Das moderne Phänomen des Präsentismus ist eine Pathologie, die mit einem Arbeitsplatz verbunden ist, an dem die Arbeitnehmer nicht kontrolliert werden können. Es spiegelt eine Situation wider, die eher auferlegt als gewählt ist und gegen die Interessen der Arbeitnehmer gerichtet ist.

Tötungszeit bei der Arbeit

Aber alle Beweise sind, dass lange Stunden schlecht für die Gesundheit und letztlich für die Produktivität sind. Arbeiter, die lange arbeiten, haben häufiger eine Herzinfarkt, erleiden einen Schlaganfall und erleben Depressionen. Wenn Sie krank werden, können Sie sich auch krank fühlen. Und könnte andere um dich herum krank machen.

Neuere Forschungen aus den USA legen nahe, dass toxische Arbeitsplätze (übermäßige Stunden, stressige Arbeit Regime) sind eine Katastrophe der öffentlichen Gesundheit. Es hat sich gezeigt, dass diese Arbeitsplätze Leben verkürzen - sie töten buchstäblich Arbeiter.

Die Alternative ist, dass Arbeitgeber die Arbeit neu organisieren. Beweis schlägt vor, dass kürzere Arbeitszeiten die Gesundheit und Produktivität ankurbeln und potenzielle Win-Win-Ergebnisse für Arbeitgeber und Arbeitnehmer ermöglichen.

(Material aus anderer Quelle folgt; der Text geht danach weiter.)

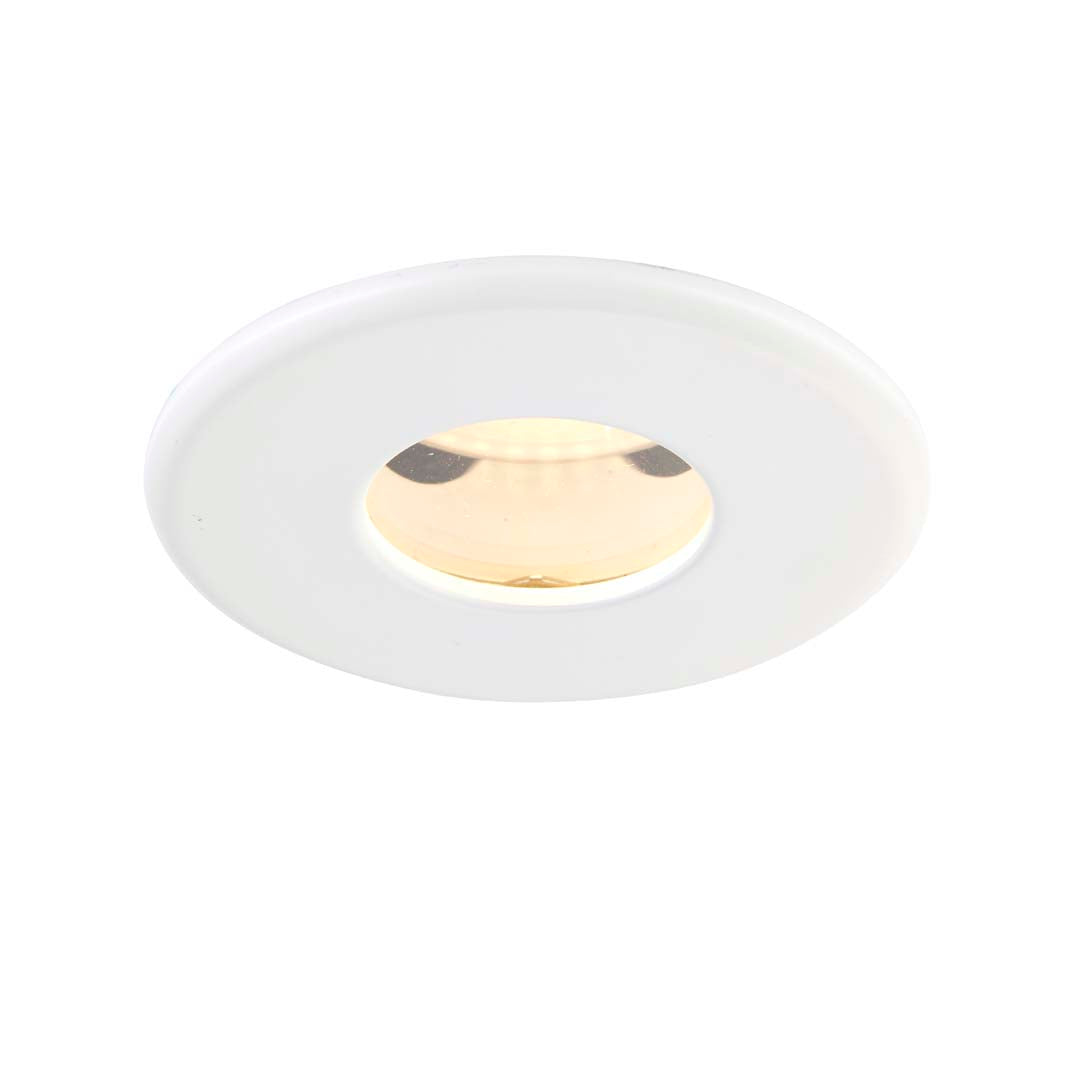 Shield Shower White Downlighter Firerated IP65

Warum schubsen die Arbeitgeber angesichts solcher Beweise die Arbeitnehmer immer mehr zur Arbeit? Die einfache Antwort bezieht sich auf das kapitalistische System selbst. Der Imperativ für Profit bedeutet mehr Arbeit. Die Technologie wird aus ähnlichen Gründen zu einem Werkzeug zur Kontrolle und zum Abpumpen von mehr Arbeit.

Während Arbeitgeber möglicherweise von weniger Arbeit profitieren, arbeiten sie in einem System, das dieses Ziel verhindert. Weniger zu arbeiten ist schädlich für ein System, in dem der Gewinn wichtiger ist als das Streben nach Wohlbefinden in und außerhalb der Arbeit. Todesfälle durch Überarbeitung sind ein notwendiges Nebenprodukt.

Der Bankfeiertag im Mai sollte eine Zeit der Feier sein, eine Anerkennung dessen, wie weit wir als Gesellschaft in der Reduzierung von Arbeit gekommen sind. Stattdessen bringt es eine Welt, die nicht gewonnen wurde, zum Vorschein - eine Welt, die für ein System verloren ist, das Profit über die Menschen macht.

Das GesprächWenn wir eine bessere Zukunft wollen, müssen wir den kollektiven Kampf für weniger Arbeit fortsetzen. Unser Leben kann davon abhängen.

Über den Autor

David Spencer, Professor für Volkswirtschaftslehre und politische Ökonomie, University of Leeds

Dieser Artikel wurde ursprünglich veröffentlicht am Das Gespräch.. Lies das Original Artikel.